In Situ Surface Chemistries and Catalytic Performances of Ceria Doped with Palladium, Platinum, and Rhodium in Methane Partial Oxidation for the Production of Syngas
journal contributionposted on 01.11.2013, 00:00 by Yuan Zhu, Shiran Zhang, Jun-jun Shan, Luan Nguyen, Sihui Zhan, Xiaoli Gu, Franklin (Feng) Tao
Methane partial oxidation (MPO) chemically transforms natural gas into syngas for the production of gasoline. CeO2 doped with transition-metal ions is one type of catalyst active for MPO. A fundamental understanding of MPO on this type of catalyst is important for the development of catalysts with high activity and selectivity for this process. CeO2-based catalysts, including Pd-CeO2-air, Pd-CeO2-H2, Pt-CeO2-air, Pt-CeO2-H2, Rh-CeO2-air, and Rh-CeO2-H2, were synthesized through doping noble-metal ions in the synthesis of CeO2 nanoparticles. The catalytic activity and selectivity in the production of H2 and CO through MPO on these ceria-based catalysts as well as their surface chemistries during catalysis were investigated. They exhibit quite different catalytic performances in MPO under identical catalytic conditions. In situ studies of their surface chemistries during catalysis, using ambient-pressure X-ray photoelectron spectroscopy (AP–XPS), revealed quite different surface chemistries during catalysis. Correlations between the catalytic performances of these catalysts and their corresponding surface chemistries during catalysis were developed. Differing from the other four catalysts, Rh doped in the surface lattice of a CeO2 catalyst, including Rh-CeO2-air and Rh-CeO2-H2, is in a complete ionic state during catalysis.

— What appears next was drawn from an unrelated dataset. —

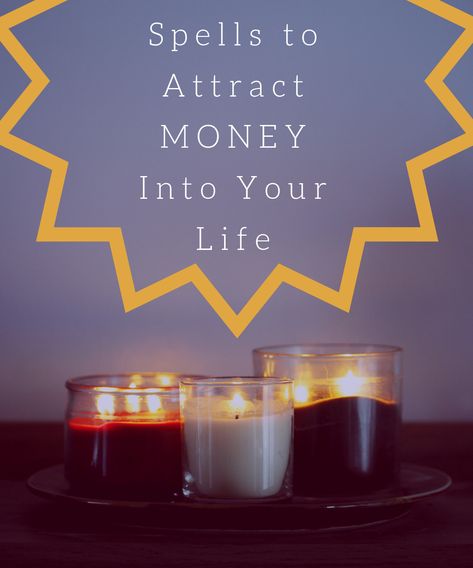 5 Money Spells, Rituals, and Chants to Attract Wealth Money Candle Spell, Money Spells Magic, Powerful Money Spells, Candle Magic Spells, Spells That Really Work, Attracting Money, Money Spells That Work, Prosperity Spell, Spells For Beginners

Correlations between the in situ surface chemistry and the corresponding catalytic performance show that Rh ions and Pt ions doped in the lattice of CeO2 as well as metallic Pd nanoparticles supported on CeO2 are active components for MPO. Among these catalysts, Rh-doped CeO2 exhibited the highest catalytic activity and selectivity in MPO.